Door 14: Lee KrasnerPhotography © Hans Namuth
Many artists struggle to be appreciated during their lifetime, they are overlooked and stand in the shadows of their peers. Unfortunately it is often the case for artists' wives, who wrongfully only get this description. A prime example is the American expressionist artist Lee Krasner.
Born in 1908 in Brooklyn to Russian-Jewish immigrant parents, she showed an interest in art from an early age. As it was not common for girls to study art at that time she specifically enrolled at Washington Irving High School for Girls, which offered an Art major and then studied The Cooper Union and the National Academy of Design. As depression was in full swing, she worked for WPA Federal Art Project from 1935 to 1943, producing public murals.

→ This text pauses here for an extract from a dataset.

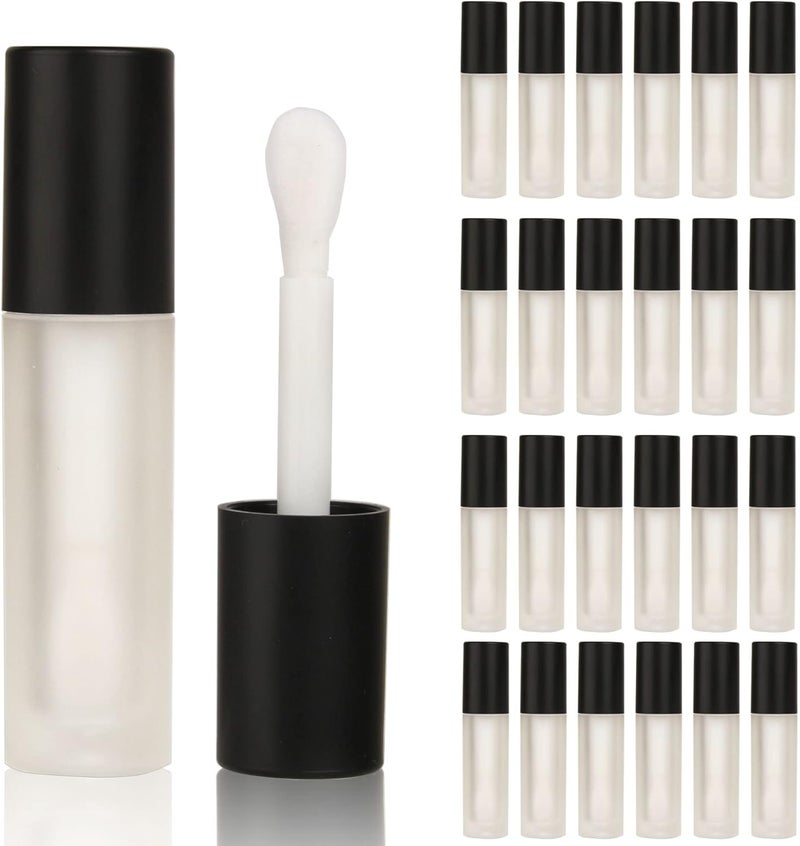COSIDEA 24 pcs Empty 5ml big brush Frosted Black lip gloss tube Black round lipgloss tubes container with big doe foot wand cosmetic packing containers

From 1937 she took classes with Hans Hofmann, who opened introduced her to cubism and neo-cubism. He saw her talent and coined this difficult phrase: "This is so good you would not know it was painted by a woman." In 1940 she joined the American Abstract Artists, through which got to know her future husband Jackson Pollock, whom she married in 1945.
The duo, despite a tumultuous relationship, gave each other feedback and helped each other in a period, where neither's work was appreciated. Lee Krasner is especially known for her collages, which are a result of torn paintings, that she was not satisfied with. Coming back to the studio a few days later, she liked the composition of the torn pieces.
Her continuous critique of her own work made her regularly question and change her style, which made it difficult for scholars to pin her down. But her strong impact and force of her work, which consists of less than 600 works, present to this day, confirm her path.